Per i genitori dello sposo, la dote rappresenta un’occasione per capitalizzare gli investimenti sostenuti per la formazione del figlio. Molte famiglie, infatti, hanno seguito alla lettera l’equazione: istruzione uguale lavoro, investendo i propri capitali negli studi superiori ed universitari del proprio erede maschio. Il fine è quello di permettergli di accedere a professioni ben remunerate, ma in questa logica rientrano anche calcoli legati alla dote. Un determinato grado di formazione o una certa occupazione rivelano le entrate correnti o potenziali che, insieme all’asset rappresentato dai legami e dalle relazioni famigliari, forniscono al giovane un certo valore sul mercato matrimoniale, dandogli diritto alla richiesta di una dote che è qualcosa di più simile al prezzo dello sposo. A pesare sull’intero meccanismo è anche la mancanza di un sistema di welfare nell’India contemporanea e il persistere di logiche di famiglia allargata, che fanno si che il matrimonio imponga alla sposa di trasferirsi nella famiglia del marito, dove insieme alle altre donne è destinata a prendersi cura della famiglia dello sposo.

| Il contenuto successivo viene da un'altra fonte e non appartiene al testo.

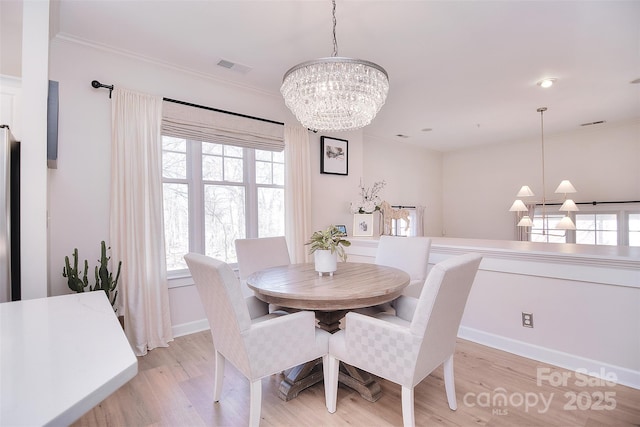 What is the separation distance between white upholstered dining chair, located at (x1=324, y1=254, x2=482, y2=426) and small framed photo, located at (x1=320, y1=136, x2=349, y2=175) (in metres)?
→ 2.68

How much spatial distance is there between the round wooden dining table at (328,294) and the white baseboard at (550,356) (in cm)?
113

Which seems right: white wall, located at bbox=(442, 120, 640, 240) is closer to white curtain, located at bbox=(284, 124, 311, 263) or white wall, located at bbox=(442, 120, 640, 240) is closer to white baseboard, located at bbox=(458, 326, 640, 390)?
white baseboard, located at bbox=(458, 326, 640, 390)

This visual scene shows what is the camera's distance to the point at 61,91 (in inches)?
94.7

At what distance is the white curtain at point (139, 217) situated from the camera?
8.50 feet

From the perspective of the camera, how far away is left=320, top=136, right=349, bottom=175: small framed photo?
4.06 m

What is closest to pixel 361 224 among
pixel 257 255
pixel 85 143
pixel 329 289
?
pixel 257 255

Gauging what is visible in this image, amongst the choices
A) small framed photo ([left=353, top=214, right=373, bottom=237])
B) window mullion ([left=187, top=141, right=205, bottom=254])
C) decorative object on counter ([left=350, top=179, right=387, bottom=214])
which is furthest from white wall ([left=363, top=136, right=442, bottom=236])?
window mullion ([left=187, top=141, right=205, bottom=254])

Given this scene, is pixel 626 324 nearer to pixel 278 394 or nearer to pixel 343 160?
pixel 278 394

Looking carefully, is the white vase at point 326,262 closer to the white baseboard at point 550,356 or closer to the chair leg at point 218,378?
the chair leg at point 218,378

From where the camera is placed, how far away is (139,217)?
268 centimetres

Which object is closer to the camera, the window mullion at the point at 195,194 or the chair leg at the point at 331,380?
the chair leg at the point at 331,380

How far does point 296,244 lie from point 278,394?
1.84 metres

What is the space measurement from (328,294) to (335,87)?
129 centimetres

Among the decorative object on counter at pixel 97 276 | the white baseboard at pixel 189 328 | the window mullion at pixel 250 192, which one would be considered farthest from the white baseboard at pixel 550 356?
the decorative object on counter at pixel 97 276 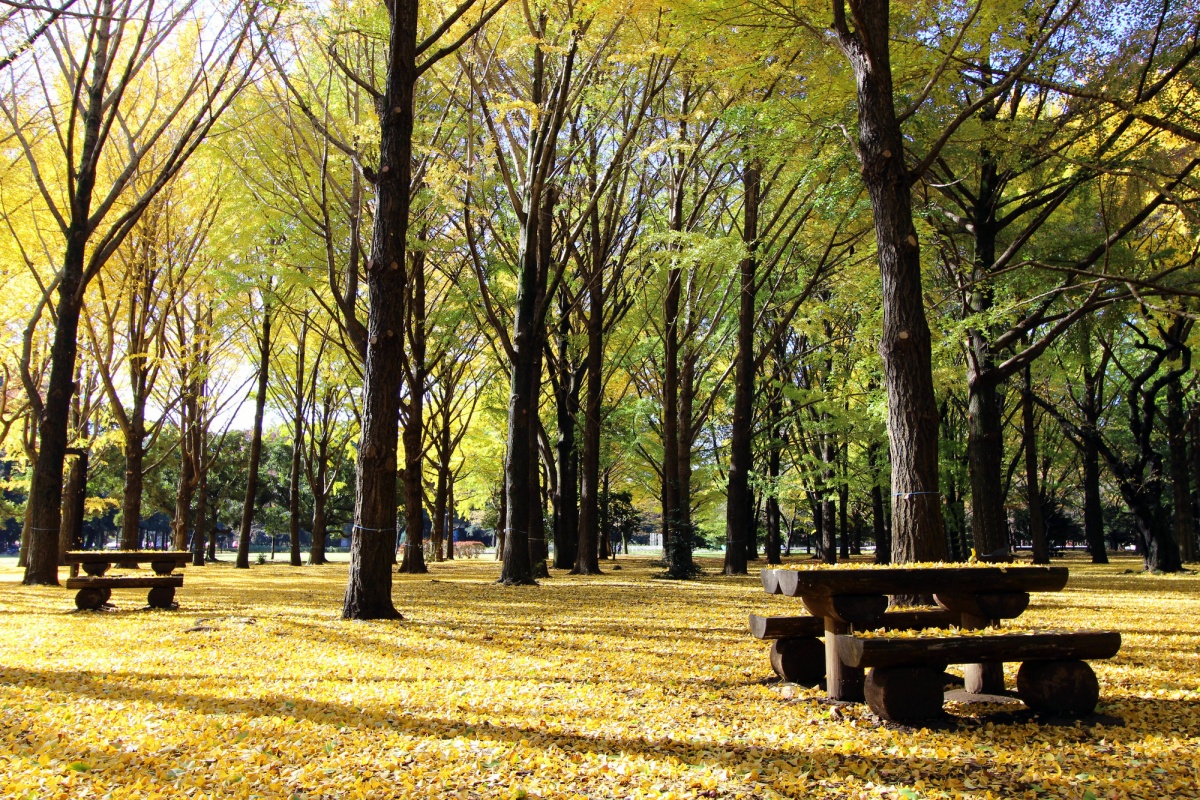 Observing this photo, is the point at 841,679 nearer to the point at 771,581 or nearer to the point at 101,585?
the point at 771,581

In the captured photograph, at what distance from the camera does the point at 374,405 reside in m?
8.11

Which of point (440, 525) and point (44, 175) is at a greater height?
point (44, 175)

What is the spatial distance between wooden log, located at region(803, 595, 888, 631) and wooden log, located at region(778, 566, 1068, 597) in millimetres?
44

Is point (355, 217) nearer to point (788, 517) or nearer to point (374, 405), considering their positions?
point (374, 405)

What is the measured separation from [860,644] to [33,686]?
4786 millimetres

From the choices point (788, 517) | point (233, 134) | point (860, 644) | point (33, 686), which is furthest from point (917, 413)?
point (788, 517)

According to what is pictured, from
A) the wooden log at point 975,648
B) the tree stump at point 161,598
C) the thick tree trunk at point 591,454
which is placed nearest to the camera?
the wooden log at point 975,648

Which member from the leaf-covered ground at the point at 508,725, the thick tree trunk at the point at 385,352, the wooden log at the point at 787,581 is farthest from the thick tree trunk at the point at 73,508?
the wooden log at the point at 787,581

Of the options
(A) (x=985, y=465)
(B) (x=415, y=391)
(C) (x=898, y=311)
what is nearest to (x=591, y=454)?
(B) (x=415, y=391)

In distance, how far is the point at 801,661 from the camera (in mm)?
4867

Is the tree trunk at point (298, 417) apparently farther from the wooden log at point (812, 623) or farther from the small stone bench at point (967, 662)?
the small stone bench at point (967, 662)

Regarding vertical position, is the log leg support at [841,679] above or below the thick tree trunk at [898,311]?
below

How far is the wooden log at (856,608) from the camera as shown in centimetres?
418

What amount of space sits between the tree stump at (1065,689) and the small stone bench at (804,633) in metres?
0.66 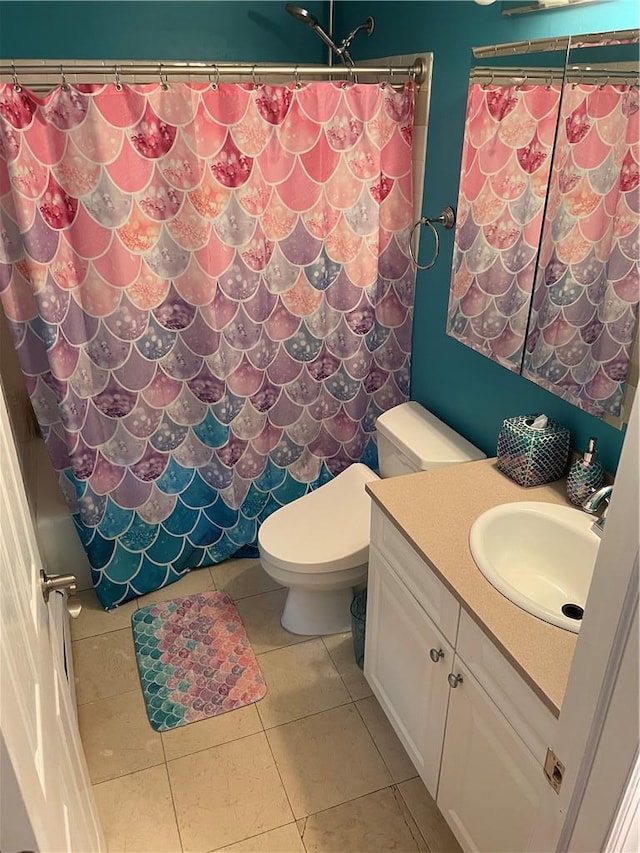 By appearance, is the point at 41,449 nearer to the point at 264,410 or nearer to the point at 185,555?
the point at 185,555

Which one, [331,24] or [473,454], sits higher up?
[331,24]

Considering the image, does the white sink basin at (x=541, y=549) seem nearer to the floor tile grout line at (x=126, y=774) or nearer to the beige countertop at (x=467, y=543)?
the beige countertop at (x=467, y=543)

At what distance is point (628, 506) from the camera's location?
2.19 ft

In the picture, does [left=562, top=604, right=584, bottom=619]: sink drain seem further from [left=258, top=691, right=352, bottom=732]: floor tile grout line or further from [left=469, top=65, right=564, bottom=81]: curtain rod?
[left=469, top=65, right=564, bottom=81]: curtain rod

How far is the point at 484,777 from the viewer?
1413 millimetres

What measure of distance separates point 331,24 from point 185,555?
2279 millimetres

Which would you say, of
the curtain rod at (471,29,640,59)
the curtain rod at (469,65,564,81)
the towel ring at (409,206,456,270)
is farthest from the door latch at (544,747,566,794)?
the towel ring at (409,206,456,270)

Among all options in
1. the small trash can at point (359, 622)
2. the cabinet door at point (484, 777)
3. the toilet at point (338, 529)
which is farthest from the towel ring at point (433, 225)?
the cabinet door at point (484, 777)

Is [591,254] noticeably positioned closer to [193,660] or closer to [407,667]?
[407,667]

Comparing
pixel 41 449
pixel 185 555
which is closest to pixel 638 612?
pixel 185 555

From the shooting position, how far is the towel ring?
214 centimetres

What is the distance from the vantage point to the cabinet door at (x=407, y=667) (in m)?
1.59

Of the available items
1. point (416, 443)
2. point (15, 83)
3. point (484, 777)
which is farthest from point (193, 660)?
point (15, 83)

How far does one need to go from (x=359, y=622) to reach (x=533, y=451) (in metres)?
0.86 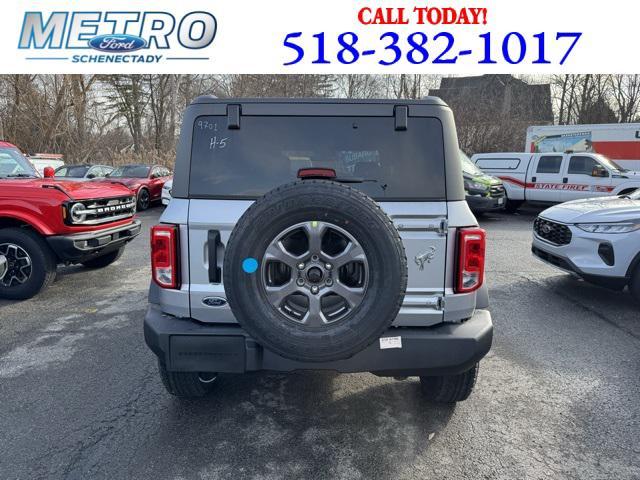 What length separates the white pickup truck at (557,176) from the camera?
12.1 metres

L’avvento della modernità, le migrazioni internazionali e il diffondersi di pratiche di famiglia nucleare (spesso mosse dal diniego della donna a vivere nella casa dei suoceri e incoraggiate dal governo), stanno lentamente modificando queste abitudini e rappresentano per la famiglia dello sposo un motivo in più per rendere necessario assicurarsi una dote cospicua, nell’eventualità in cui non ricevessero assistenza nella vecchiaia. Se si analizzano i fatti dal punto di vista della famiglia della sposa, una serie di motivazioni non solo economiche ma anche sociali entrano in campo. Per ogni padre indiano, infatti, il matrimonio di una figlia femmina rappresenta una fonte di grandi speranze ma allo stesso tempo di preoccupazioni. La ricerca del partito giusto comincia presto, giacché la ragazza va maritata prima che l’età venga a rappresentare un ostacolo.

A stabilire il valore della giovane sul mercato matrimoniale sono una serie di variabili di carattere generale quali l’età, la formazione ed educazione ricevute e l’aspetto fisico. Per il padre non si tratta solo di trovare il partito giusto per la figlia, ma anche di riuscire, attraverso il matrimonio, a inserirsi in una rete di alleanze che siano in linea con la jati di appartenenza e che possibilmente possano prefigurare nel lungo periodo vantaggi economici o benefici in termini di business. Anche in questo caso si prefigurano delle ricadute della dote sui membri della famiglia allargata nel momento in cui a trarne vantaggio siano i fratelli della sposa stessa che, in virtù del circolo vizioso messo in atto dalla dote, avranno a loro volta diritto a una moglie con una dote sostanziosa, oltre a potersi trovare a beneficiare dei legami e contatti nati in seguito al matrimonio della sorella. In questo senso, la dote assume la forma di una pratica compensatoria per chi ha più figli.

A trarne vantaggio saranno naturalmente coloro i quali, oltre ad aver sostenuto il peso della dote di una figlia, si rivarranno sul matrimonio del figlio maschio e viceversa.